The picture was comic in the extreme, yet with a pathetic twist about it that, had she possessed a single grain of humour, must have made her feel foolish and shamed until she died, for his kneeling position rendered her insignificance so obvious it was painful in the extreme. LeVallon clasped his hands; his face, wearing a dignity and tenderness that emphasized its singular innocence and beauty, gazed up into her trivial prettiness, as she sat on the edge of the table behind her, glaring down at him with angry but still hungry eyes.

"I should have helped and worshipped," his deep voice thrilled. "I am ashamed. Always—you are sacred, wonderful. I did not recognize your presence calling me. I did not hear nor understand. I am ashamed."

The strange words she did not comprehend, even if she heard them properly. For one moment she knew a dreadful feeling that they were not addressed to her at all, but the sense of returning triumph, the burning desire to extract from him the last ounce of humiliation, to make him suffer as much as in her power lay, these emotions deadened any perceptions of a subtler kind. He was kneeling at her feet, stammering his abject apology, and the sight was wine and food to her. Though she could have crushed him with her foot, she could equally have flung herself in utter abandonment before his glorious crouching strength. She adored the scene. He looked magnificent on his knees. He was. She believed she, too, looked magnificent.

"You apologize to me," she said in a trembling voice, tense with mingled passions.

"Oh, with what sadness for my mistake you cannot know," was his strange reply. His voice rang with sincerity, his eyes held a yearning that almost lent him radiance. Yet it was the sense of power he gave that thrilled Lady Gleeson most. For she could not understand it. Again a passing hint of something remote, incalculable, touched her sense of awe. She shivered slightly. LeVallon did not move.

Appeased, yet puzzled, she lowered her face, now pale and intense with eagerness, towards his own, hardly conscious that she did so, while the faint idea again went past her that he addressed his astonishing words elsewhere. Blind vanity at once dismissed the notion, though the shock of its brief disthroning had been painful. She found satisfaction for her wounded soul. A man who had scorned her, now squirmed before her beauty on his knees, desiring her—but too late.

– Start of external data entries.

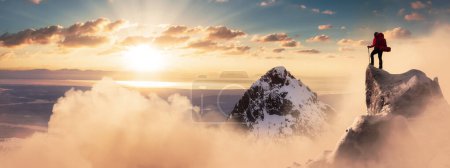 Téléchargez les photos : Adventurous Woman Randonneur debout sur le sommet du pic glacé avec des montagnes rocheuses en arrière-plan. Aventure Composite. Rochers de rendu 3d. Image aérienne du paysage de la Colombie-Britannique, Canada. Coucher de soleil - en image libre de droit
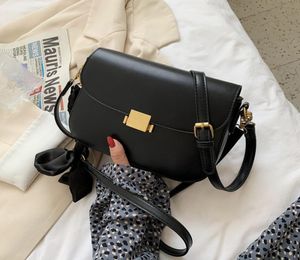 Bag Luxurys sbag Women039s 2021 New Japanese and Korean Fashion One Shoulder Messenger Solid Texture Small Square5982660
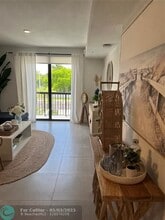 5451 N University Dr in Lauderhill, FL - Building Photo - Building Photo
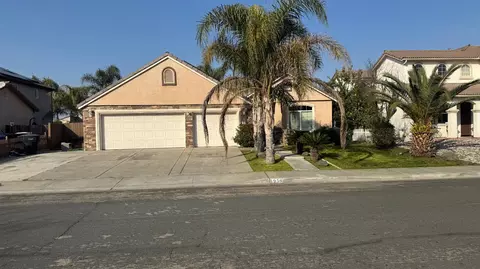 1936 W Heather Ln, Hanford, CA 93230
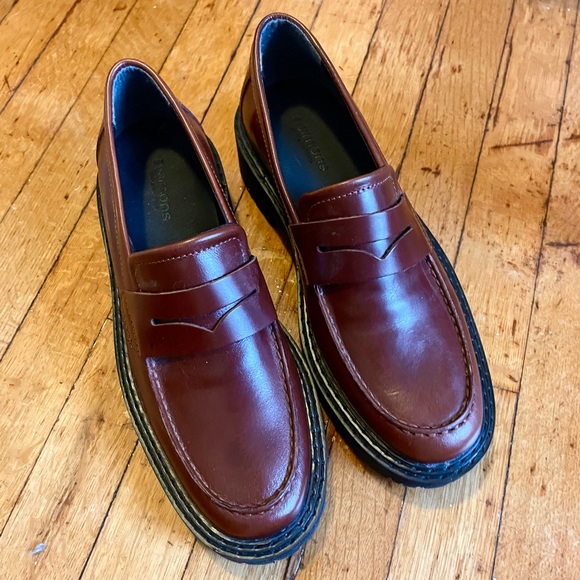 Simons Lug Sole Leather Penny Loafers - Picture 1 of 2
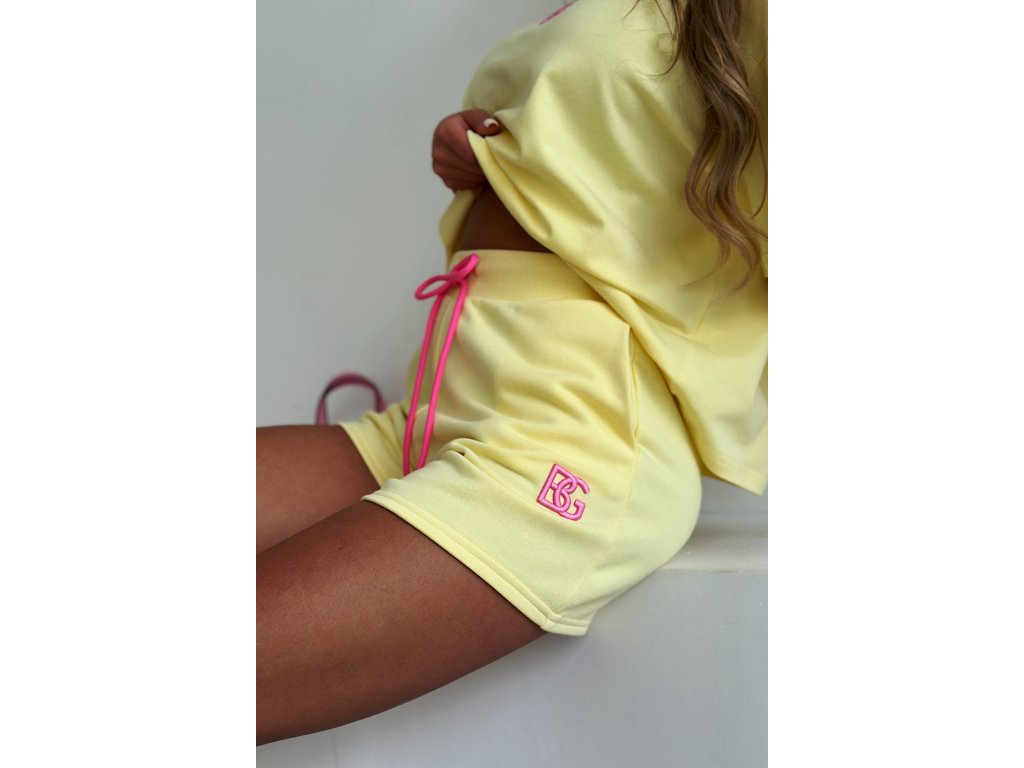 481-9_damske-sortky-bg-dare-banan_2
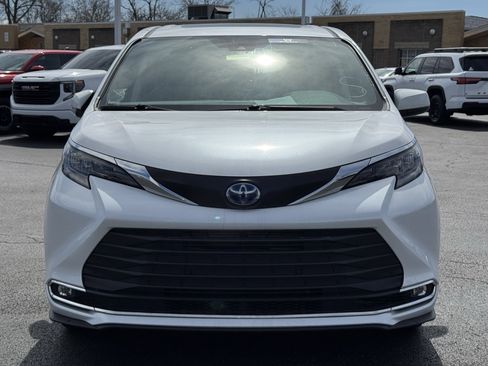 Used 2024 Toyota Sienna XLE image 15
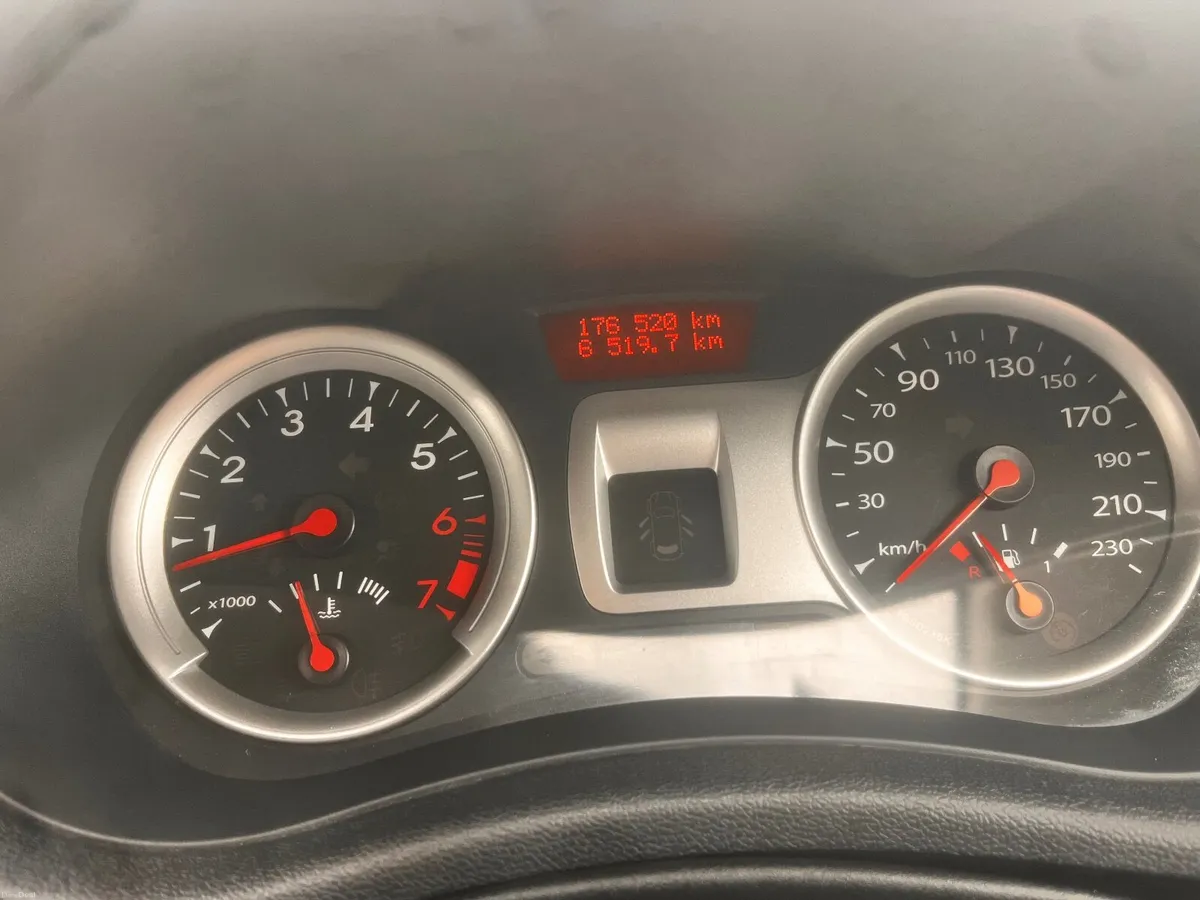 Renault Clio 2011.NEW NCT 4/07/27. - Image 6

"You have some manhood, after all!" she exclaimed, still fierce, the upper lip just revealing the shining little teeth. Her power at last had touched him. He suffered. And she was glad.

"I worship," he repeated, looking through her this time, if not actually past her. "You are sacred, the source of all my life and power." His pain, his worship, the aching passion in him made her forget the insult. Upon that face upturned so close to hers, she now breathed softly.

"I'll try," she said more calmly. "I'll try and forgive you—just this once." The suffering in his eyes, so close against her own, dawned more and more on her. "There, now," she added impulsively, "perhaps I will forgive you—altogether!"

It was a moment of immense and queenly generosity. She felt sublime.